§ DIRECTIONS FOR THIS TASK
Drop the pictures; give again exactly the lines from the one holding "Joe Rogan in" through the end of the data.

§ DATA SHOWN
+++++

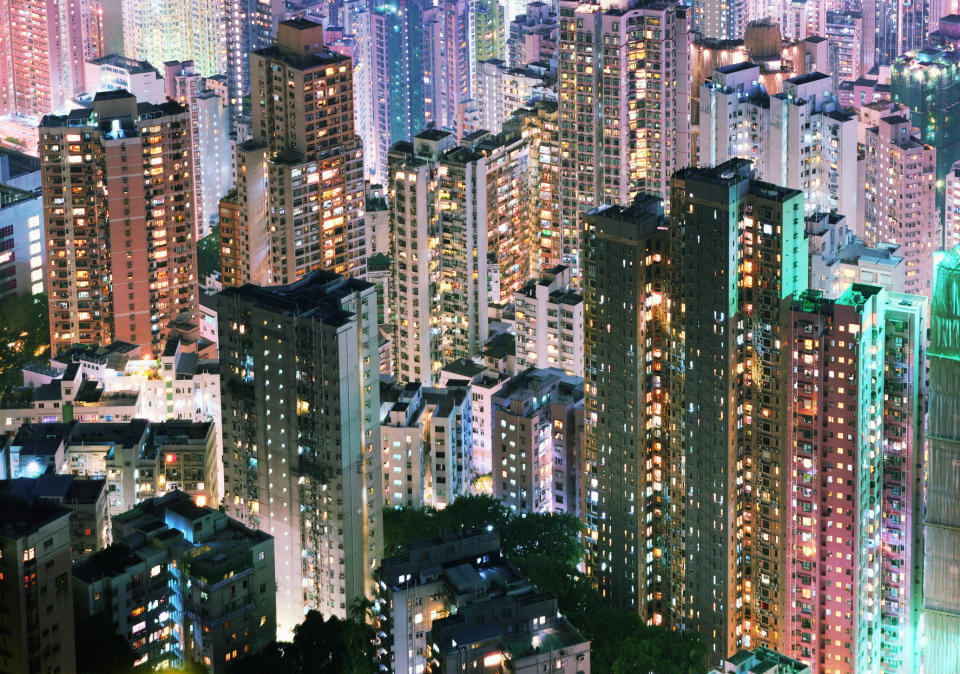 China, Hong Kong, apartment blocks, at night, elevated view.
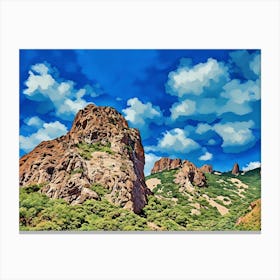 Majestic Rocky Peak Under a Clear Blue Sky. The image depicts a stunning natural landscape featuring a prominent rocky peak rising above a lush, green hillside. The sky is a vibrant blue with a few scattered clouds, adding to the serene and picturesque quality of the scene. The rocky formations and dense vegetation create a striking contrast, making the image visually captivating. 1 Canvas Print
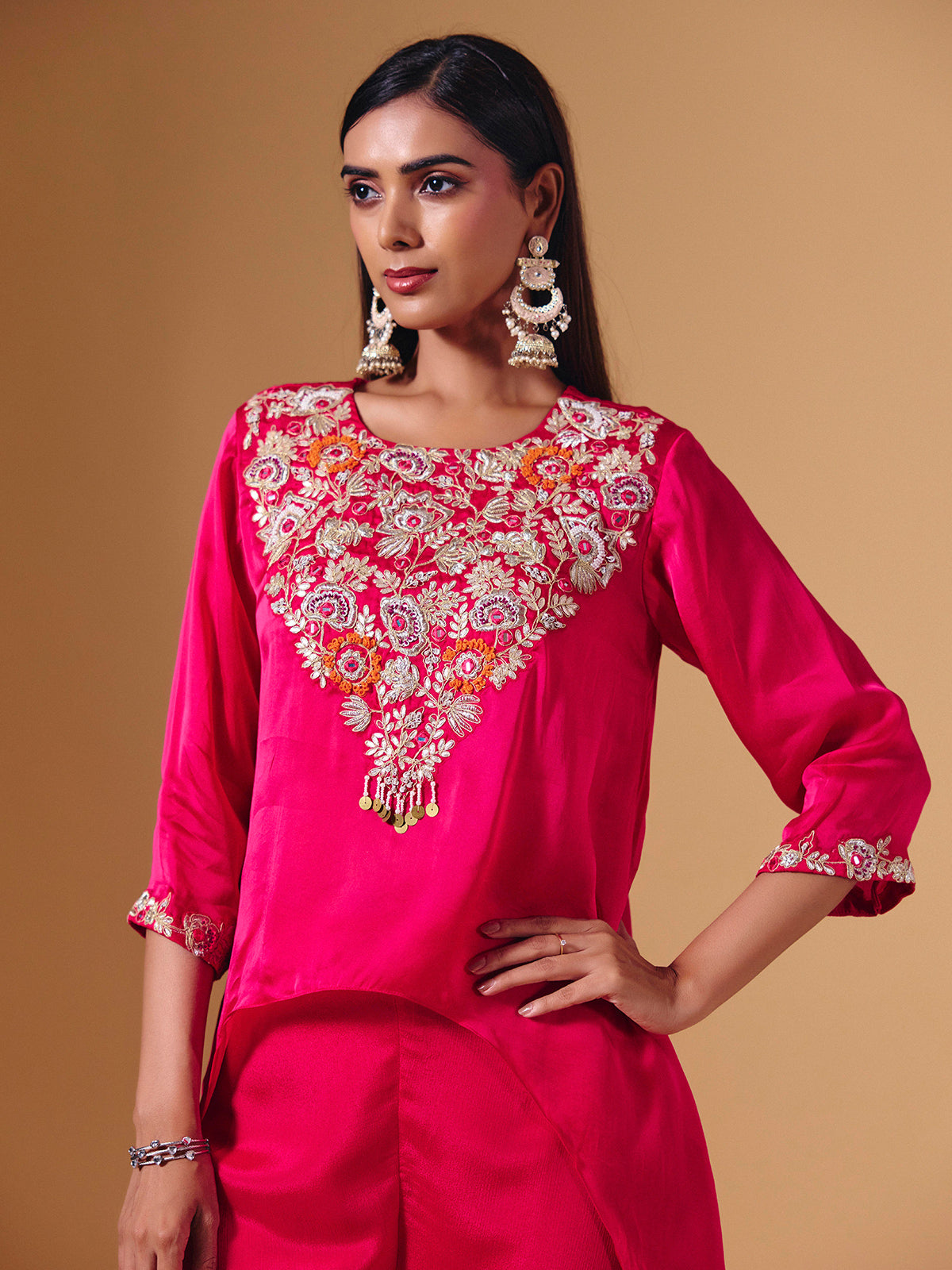 Elegant pink tissue silk palazzo suit with festive embellishments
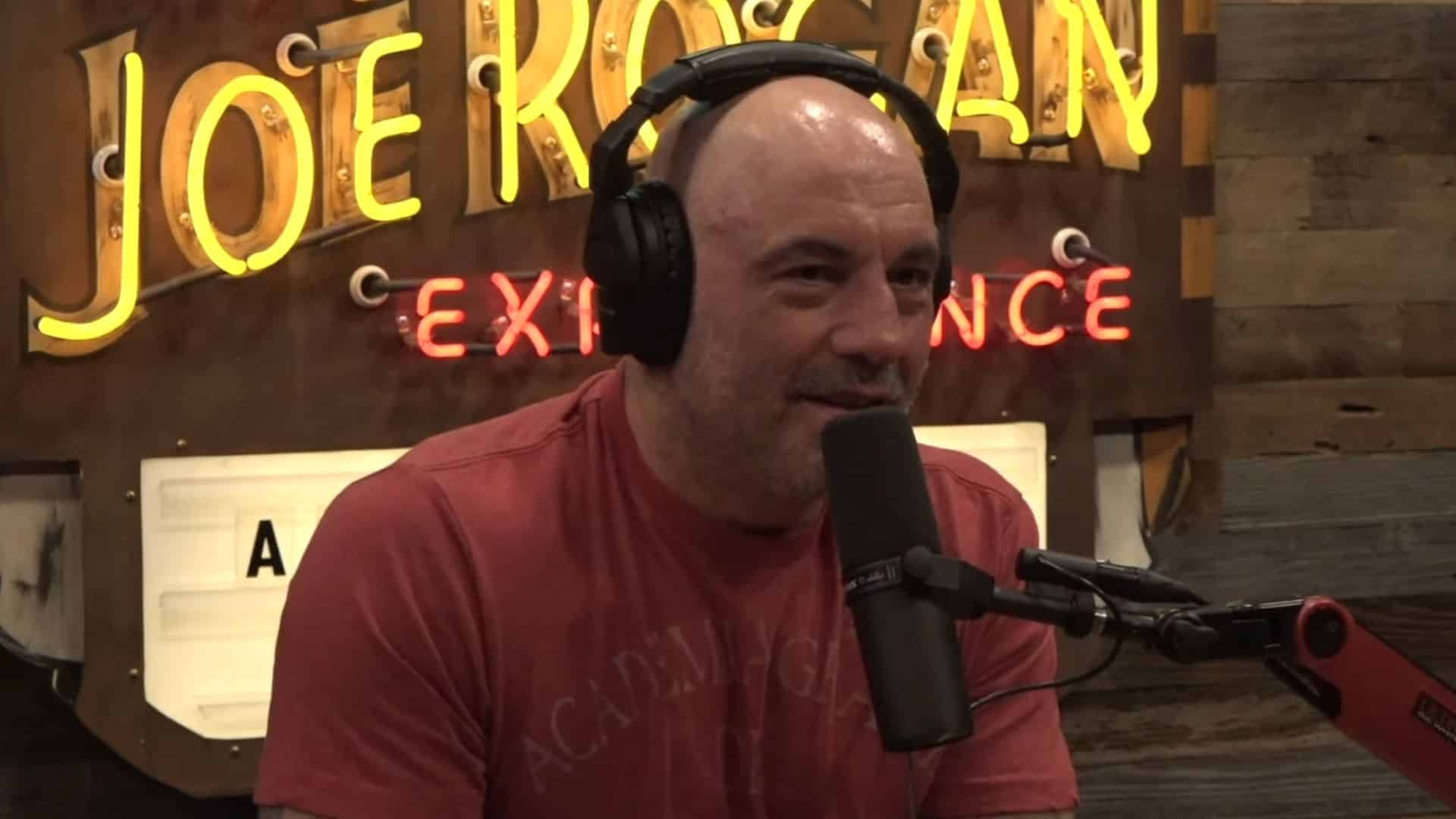 Joe Rogan in red shirt in podcast studio talking into mic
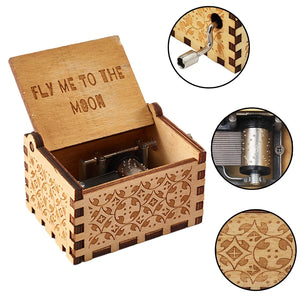 The Wooden Music Box features a handcrafted wooden design with an open lid that displays the song title "Fly Me to the Moon." Close-up insets highlight the hand-cranked winding mechanism and intricate carvings, offering classic melodies with an elegant touch.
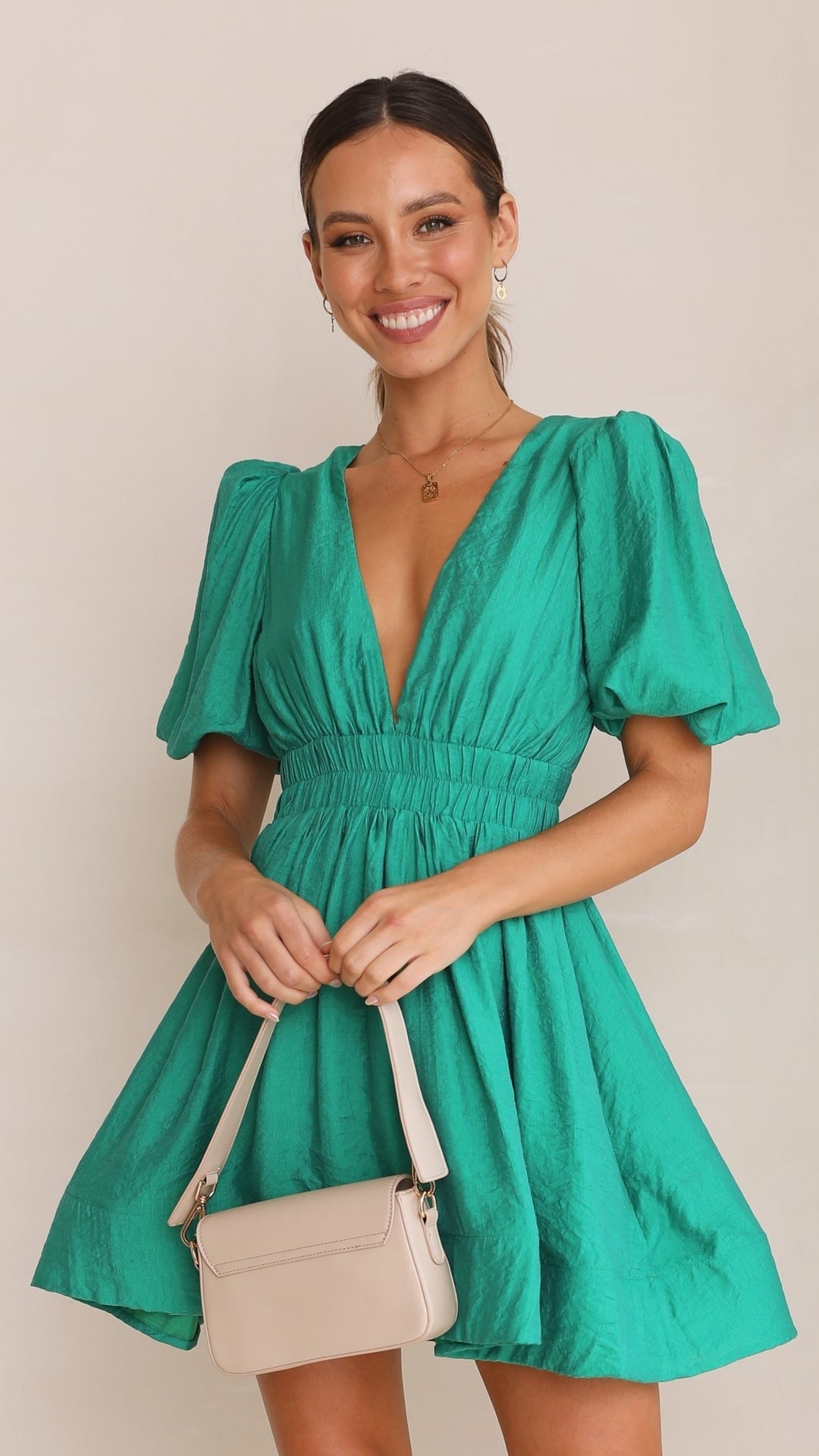 Detail of the fabric and pattern on a women's Light Blue spring puff sleeve mini dress, elegant and casual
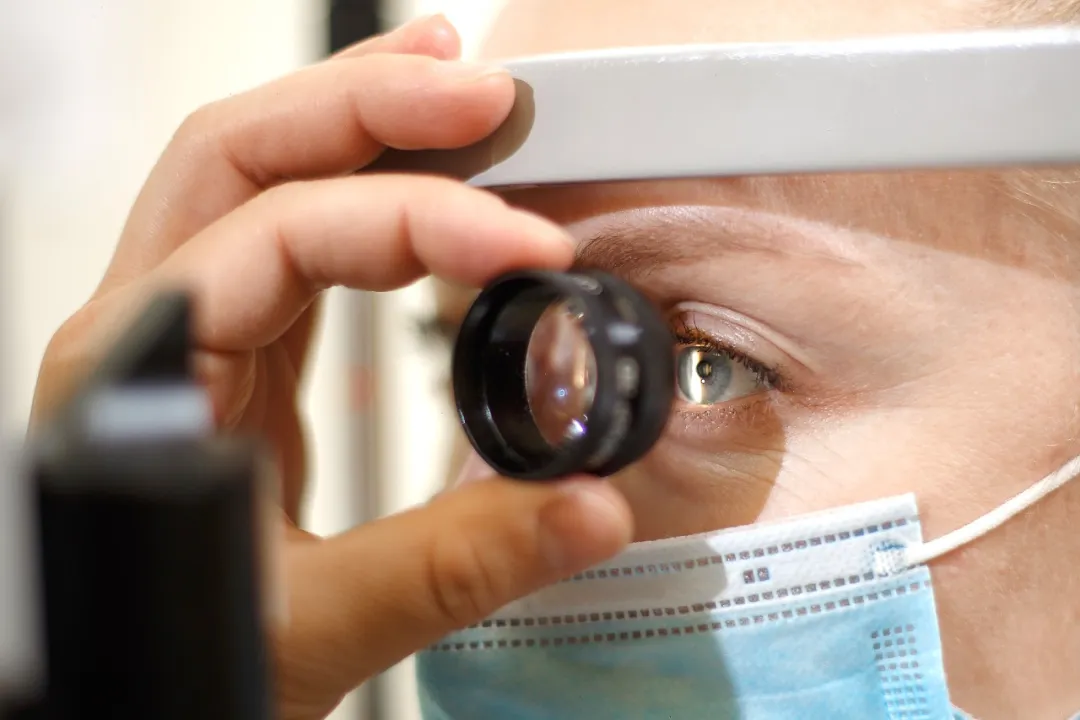 Ophthalmologist examining a patient's retina with a slit-lamp lens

+++++

§ RESPONSE TO THE TASK
 Joe Rogan in red shirt in podcast studio talking into mic
 The Wooden Music Box features a handcrafted wooden design with an open lid that displays the song title "Fly Me to the Moon." Close-up insets highlight the hand-cranked winding mechanism and intricate carvings, offering classic melodies with an elegant touch.
 Detail of the fabric and pattern on a women's Light Blue spring puff sleeve mini dress, elegant and casual
 Ophthalmologist examining a patient's retina with a slit-lamp lens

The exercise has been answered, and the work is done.